Q4FY24 performance highlights:

Consolidated:
• Q4FY24 Consolidated net sales value (NSV) was at INR2,783 Cr., up 11.2% versus same period prior year. This was driven by the growth in the standalone business as well as income from the Indian Premier League.

• Q4FY24 Consolidated EBITDA was at INR334, Cr., a growth of 41.6% versus prior year driven by the earlier start of the Indian Premier League 2024.

• Q4FY24 Consolidated Profit after tax was at INR241 Cr.

Standalone:

• Total NSV at INR2,666 Cr. increased 6.9% YoY driven by competitive performance of our renovation and innovation offerings and resilient consumer demand. Within the above, Prestige & Above segment grew 6.6%.

• NSV for the Popular segment grew 3.3% as the trademarks performed competitively in the salient
states on the back of interventions.

• Gross margin at 43.3% was a contraction of 205 bps YoY on reported basis. After adjusting for a one-off credit of INR69 Cr. on account of reversal of indirect tax provisions in Q4FY23, underlying gross margin expanded by 73bps YoY.

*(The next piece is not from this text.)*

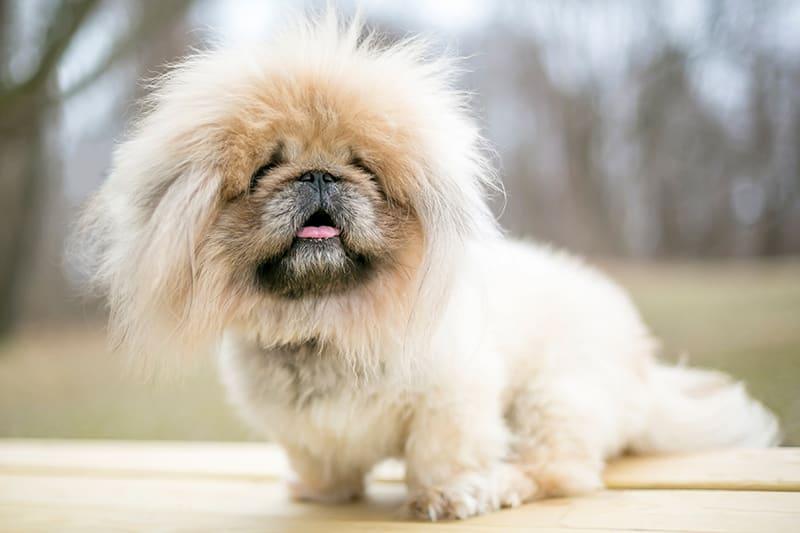 Normal Respiration Rate for Dogs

• A&P re-investment rate was 12.2% of sales, reflecting the spends on renovation and innovation as well as ongoing investment behind the brands.

• EBITDA at INR361 Cr., an increase of 6.9% YoY. The EBITDA margin was 13.6%, in-line with prior
year reported margin, though an expansion of 278 bps on an underlying basis.

• Interest cost at INR29 Cr., was down 19.2%. After adjusting a one-off benefit of INR16 Cr. from the prior year comparator, interest cost was down 44.2%. The interest cost is on account of the
customary non-debt related items.

• Exceptional charge of INR31 Cr. is on account of the ongoing supply agility programme.

• Profit after tax was INR384 Cr. with a net profit margin of 14.4%.

 

(The scheme for the Pioneer Distilleries Limited (PDL) merger came into operation on 30th Dec’ 2022 but is effective 1st April’2021. All current & previous period comparators include the impact of the merger. All accounts referred as ‘Rebased’ are Reinstated for PDL merger as well as adjusted for slump sale and franchising of the strategically reviewed popular portfolio for a like for like comparison.)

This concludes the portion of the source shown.